**DATA FOR REVIEW:**
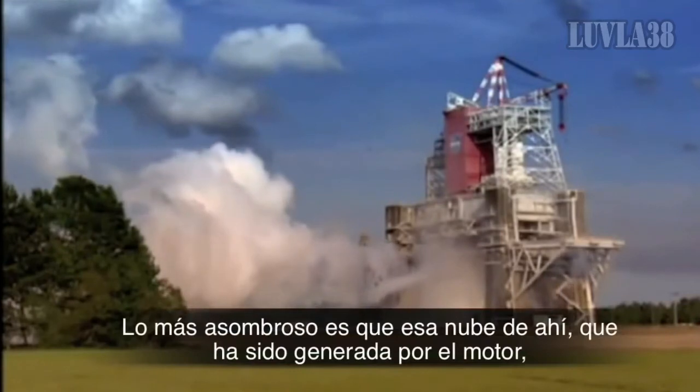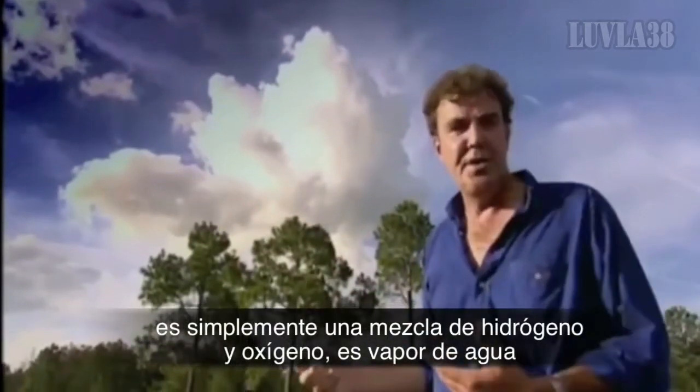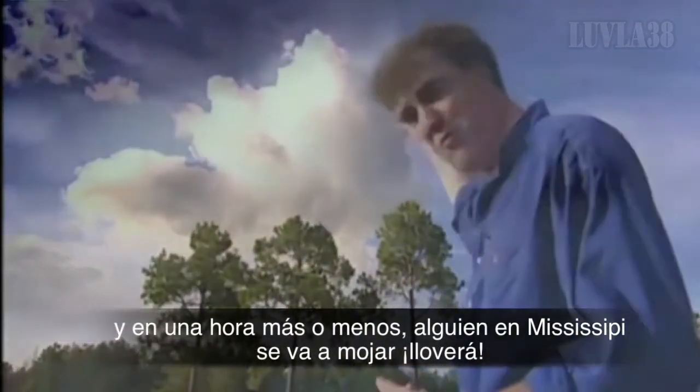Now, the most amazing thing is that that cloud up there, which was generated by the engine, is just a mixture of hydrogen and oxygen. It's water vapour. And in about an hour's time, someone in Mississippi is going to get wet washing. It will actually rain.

---

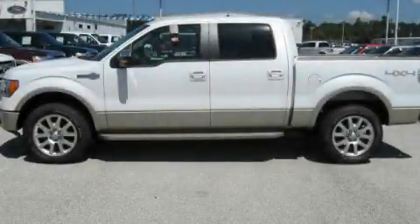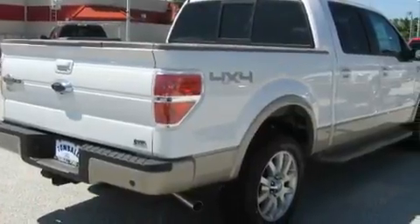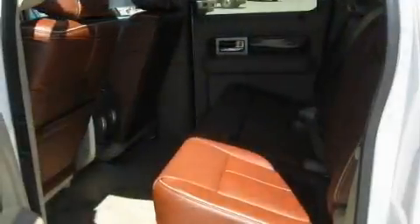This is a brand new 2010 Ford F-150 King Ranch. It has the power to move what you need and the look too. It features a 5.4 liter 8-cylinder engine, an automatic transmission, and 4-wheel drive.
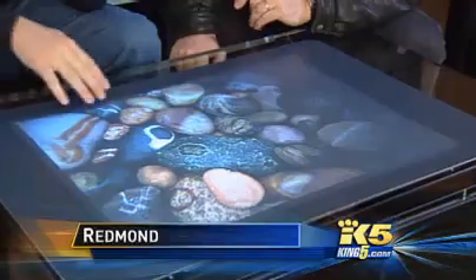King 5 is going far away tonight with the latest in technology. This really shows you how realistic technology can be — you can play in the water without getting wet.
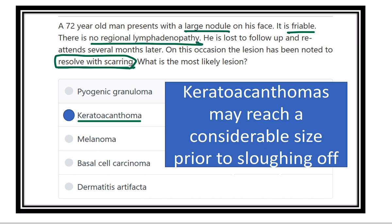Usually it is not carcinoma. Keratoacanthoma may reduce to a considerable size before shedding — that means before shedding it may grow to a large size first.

**ACTIVITY:**
When you reach the line that has "This is a brand" in the data above, start repeating lines exactly, and stop after the line that has "Usually it is"; pictures stay out.

**EXERCISE OUTPUT:**
This is a brand new 2010 Ford F-150 King Ranch. It has the power to move what you need and the look too. It features a 5.4 liter 8-cylinder engine, an automatic transmission, and 4-wheel drive.
King 5 is going far away tonight with the latest in technology. This really shows you how realistic technology can be — you can play in the water without getting wet.
Usually it is not carcinoma. Keratoacanthoma may reduce to a considerable size before shedding — that means before shedding it may grow to a large size first.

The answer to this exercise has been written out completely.